The main point of this speech is that lately, China has been out performing the US in trade, manufacturing, education, infrastructure and on many technological fronts. “Four decades ago, an ailing China got its groove back by doing things that parallel what we must now do. We have a lot more going for us than the Chinese. We need to stop making excuses and get to work. Katharine Tai, the U.S. special trade representative, is quoted as saying, we need “to turn the page on the old playbook.” Whatever China does, she argues, “we need to start doing things on our side [such as] the reshoring and the rebuilding of our manufacturing base.” But it isn’t going to happen if we preserve the strange combination of hubris, denial, and complacency we currently exhibit.

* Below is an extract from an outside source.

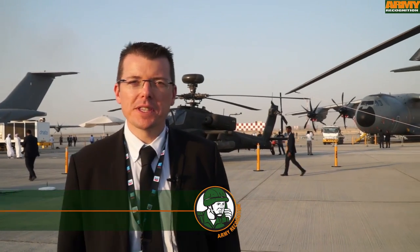Welcome to the Al Maktoum Airport in the UAE for the Dubai Airshow 2015. This is the 14th edition of what has become one of the largest and most important aerospace events in the world, with over 1,000 exhibitors this year.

The key to outcompeting China is to fix our system so that it once again yields better outcomes and greater prosperity than China’s. To do that, we must make a determined effort to address the weaknesses that now impair our performance. We need to:
- Repair our broken political system.
- Return to pay-as-you-go government.
- Revamp our physical and human infrastructure.
- Raise standards in our educational system.
- Resume the identification and adoption of foreign best practices.
- Reopen ourselves to foreigners and their ideas through immigration reform.
- Reinvest in scientific research and development.
- Re-enforce antitrust policies to reduce market concentration and restore competitiveness to our markets.
- Reform our tax structure to support national rather than vested interests and to reward domestic investment rather than outsourcing.
- Recover our modesty and redouble our efforts to set an example to the world.
“Our weaknesses are structural. If we can’t address them structurally, we are going to fall behind”, claims Ambassador Freeman.